PROBLEM TO WORK ON
Word-for-word reproduction, images excluded: copy every entry below.

(MATERIALS PROVIDED begins)

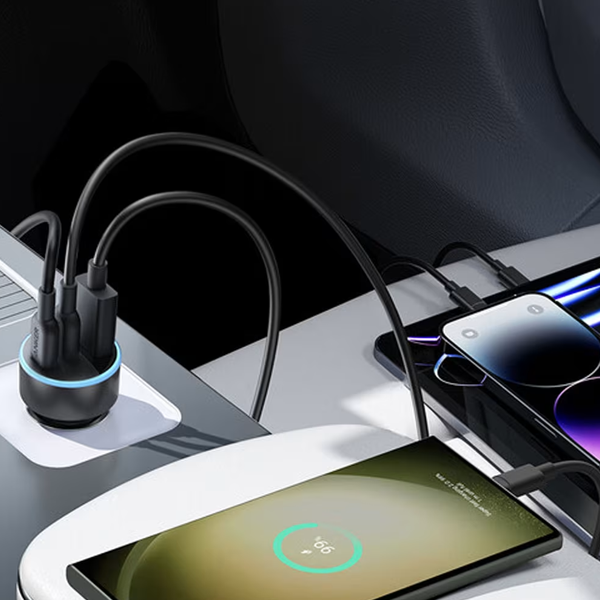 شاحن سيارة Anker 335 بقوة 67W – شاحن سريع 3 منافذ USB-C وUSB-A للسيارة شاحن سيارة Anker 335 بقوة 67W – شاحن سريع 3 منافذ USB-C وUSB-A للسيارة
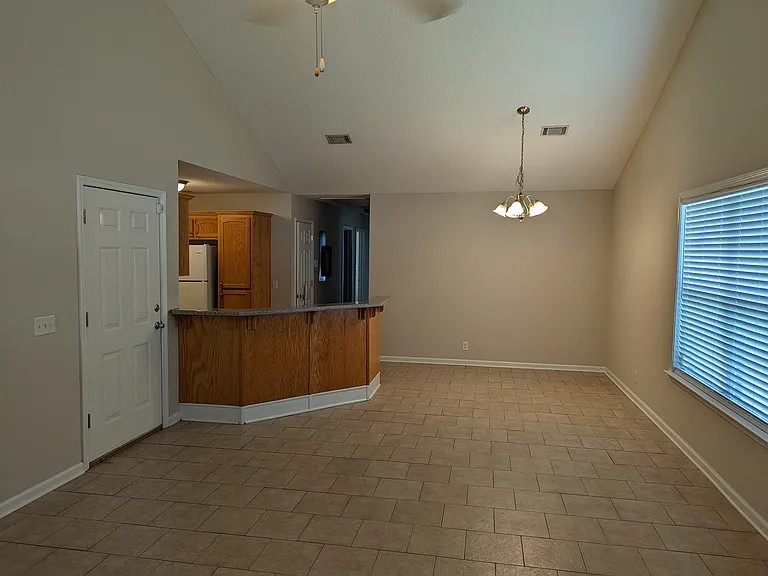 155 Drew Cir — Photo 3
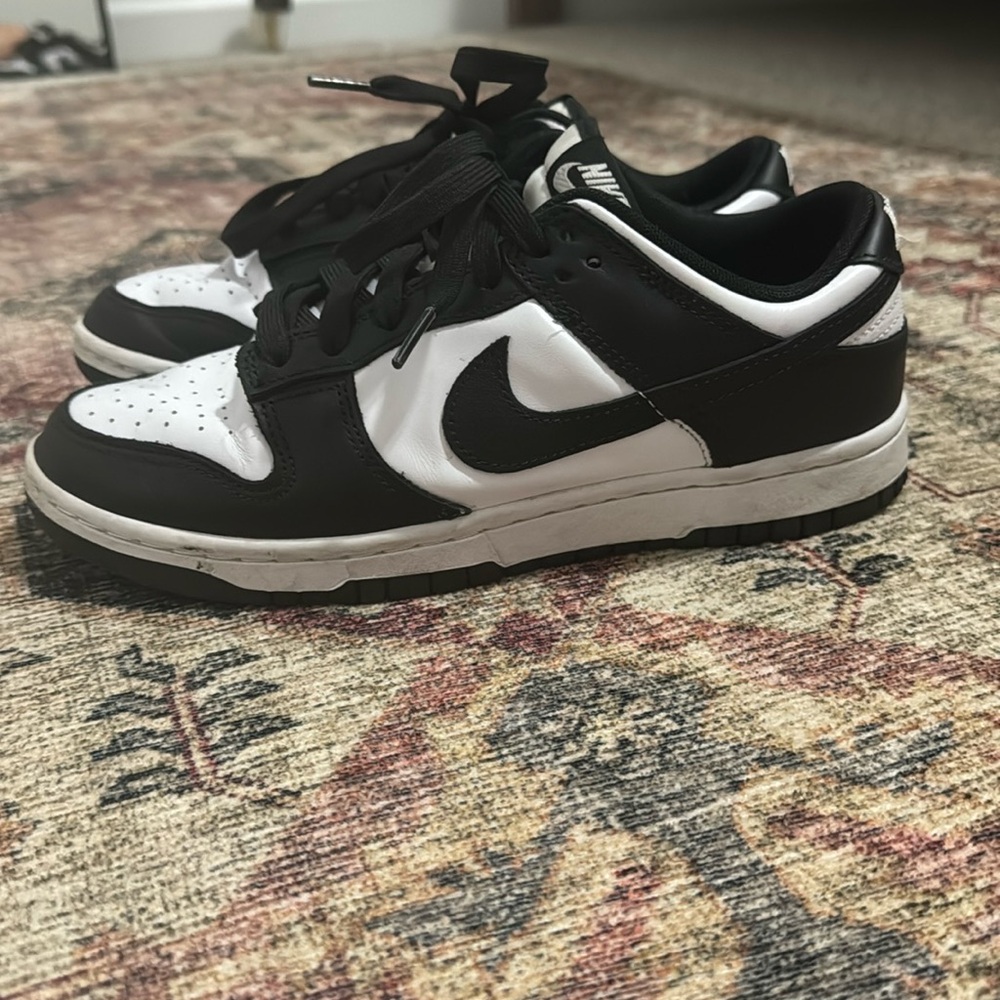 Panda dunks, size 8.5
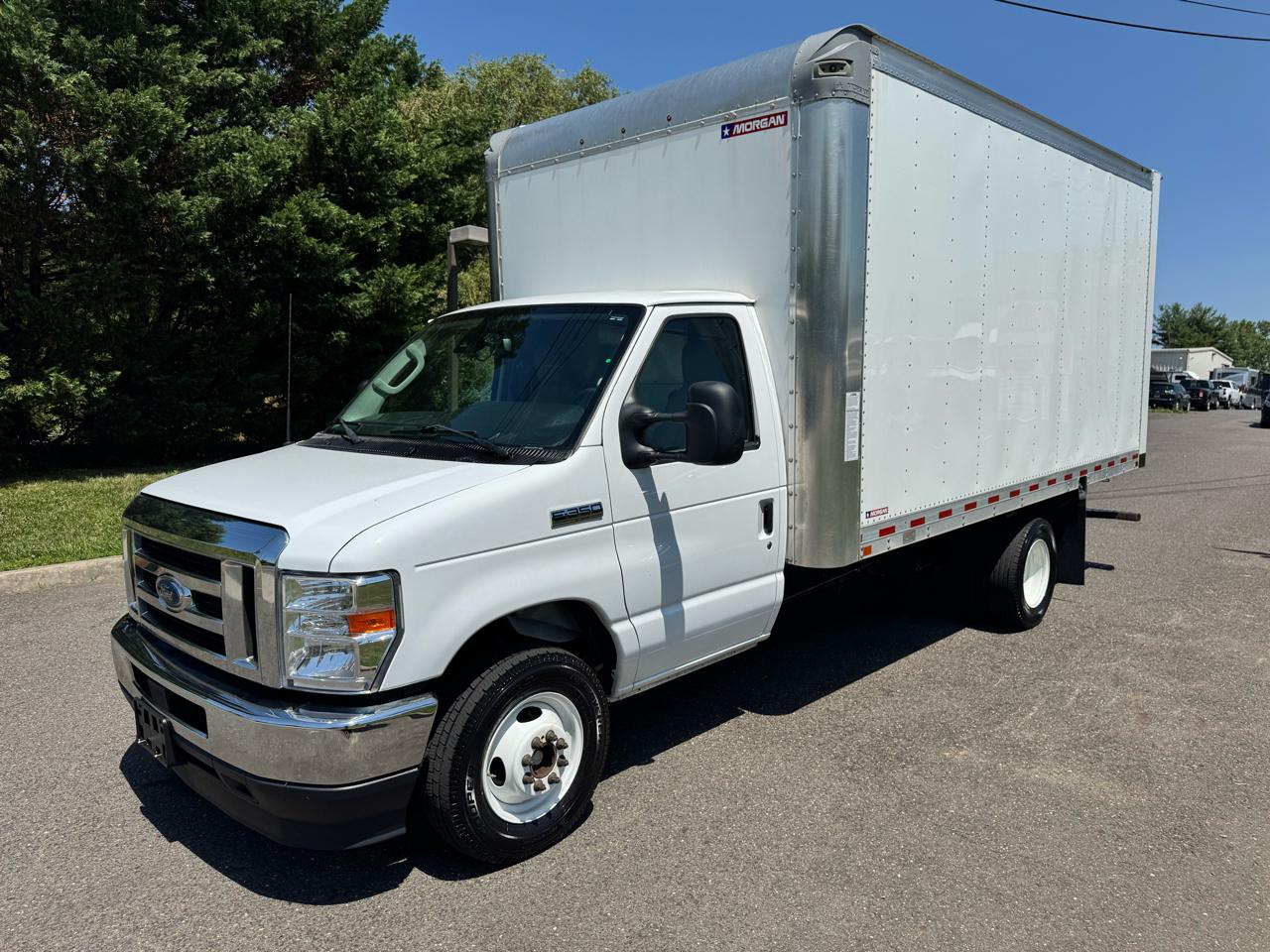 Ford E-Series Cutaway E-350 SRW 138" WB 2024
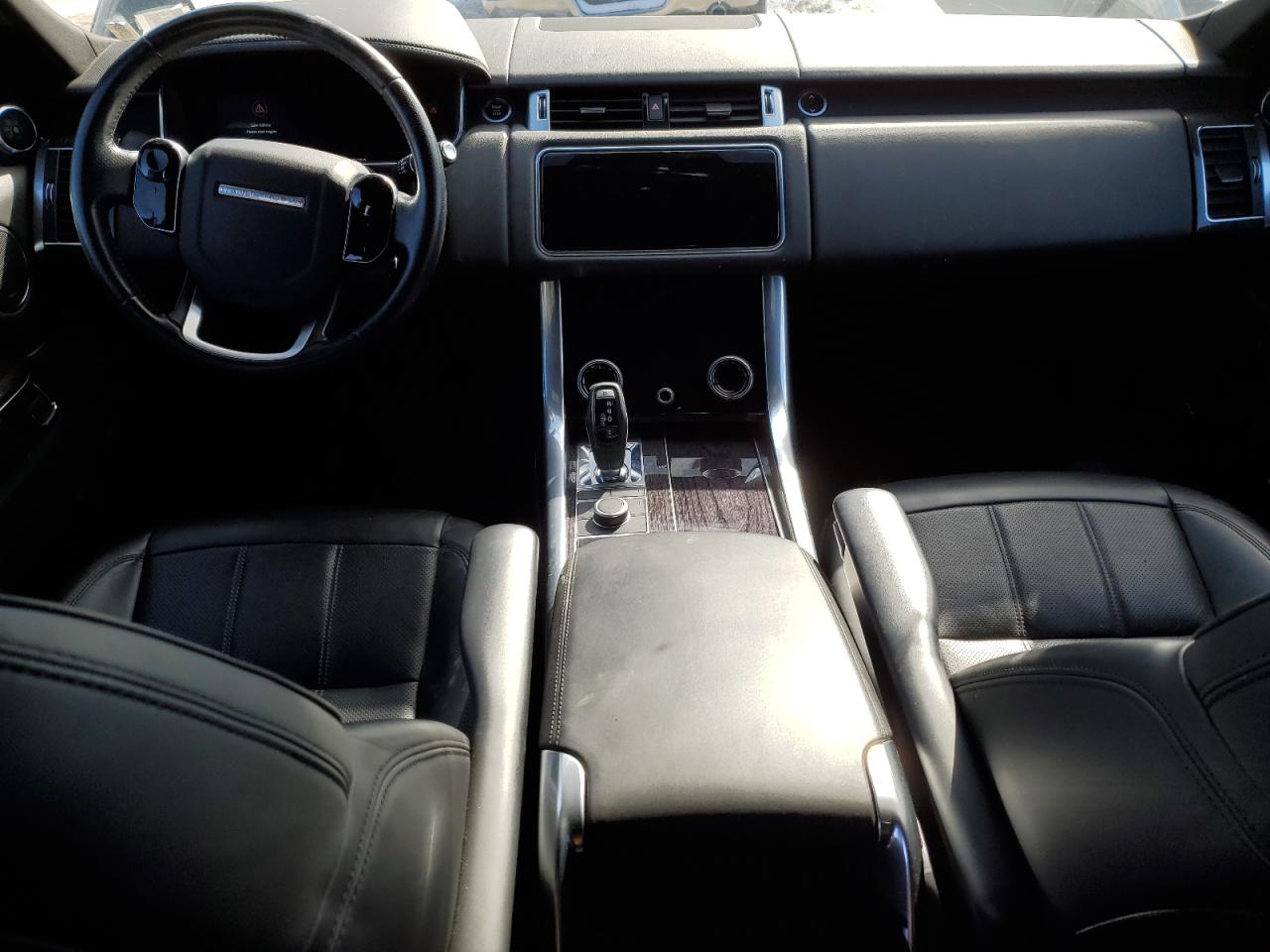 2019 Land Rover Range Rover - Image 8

(MATERIALS PROVIDED ends)

COMPLETED EXERCISE
 شاحن سيارة Anker 335 بقوة 67W – شاحن سريع 3 منافذ USB-C وUSB-A للسيارة شاحن سيارة Anker 335 بقوة 67W – شاحن سريع 3 منافذ USB-C وUSB-A للسيارة
 155 Drew Cir — Photo 3
 Panda dunks, size 8.5
 Ford E-Series Cutaway E-350 SRW 138" WB 2024
 2019 Land Rover Range Rover - Image 8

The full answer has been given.